# Temporal Difference Models (TDMs)
The TDM implementation is a bit different from the other algorithms. One reason for this is that the goals and rewards are retroactively relabelled. Some notable implementation details:
 - The networks (policy and QF) take in the goal and tau (the number of time steps left).
 - The algorithm relabels the terminal and rewards, so the terminal/reward from the environment are ignored completely.
 - TdmNormalizer is used to normalize the observations/states. If you want, you can totally ignore it and set `num_pretrain_path=0`.
 - The environments need to be [MultitaskEnv](rlkit/torch/tdm/envs/multitask_env), meaning standard gym environments won't work out of the box. See below for details.

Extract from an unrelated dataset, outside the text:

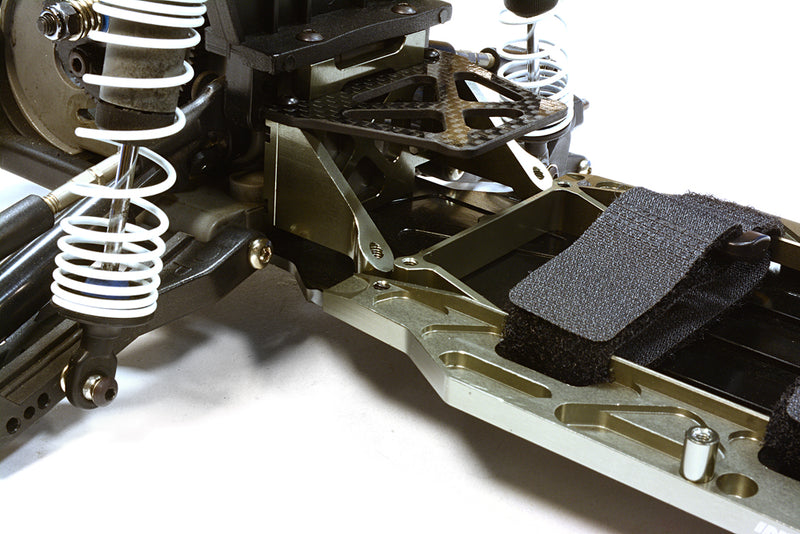 Billet Machined Complete LCG Chassis Conversion Kit for Traxxas 1/10 Slash 2WD | Slash 2WD XL5 & VXL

The example scripts have tuned hyperparameters. Specifically, the following hyperparameters are tuned, as they seem to be the most important ones to tune:
 - `num_updates_per_env_step`
 - `reward_scale`
 - `max_tau`


## Creating your own environment for TDM
A [MultitaskEnv](envs/multitask_env.py) instances needs to implement 3 functions:

```python
    def goal_dim(self) -> int:
        """
        :return: int, dimension of goal vector
        """
        pass

    @abc.abstractmethod
    def sample_goals(self, batch_size):
        pass

    @abc.abstractmethod
    def convert_obs_to_goals(self, obs):
        pass
```

If you want to see how to make an existing environment multitask, see [GoalXVelHalfCheetah](envs/half_cheetah_env.py), which builds off of Gym's HalfCheetah environments.

Another useful example might be [GoalXYPosAnt](envs/ant_env.py), which builds off a custom environment.

One important thing is that the environment should *not* include the goal as part of the state, since the goal will be separately given to the networks.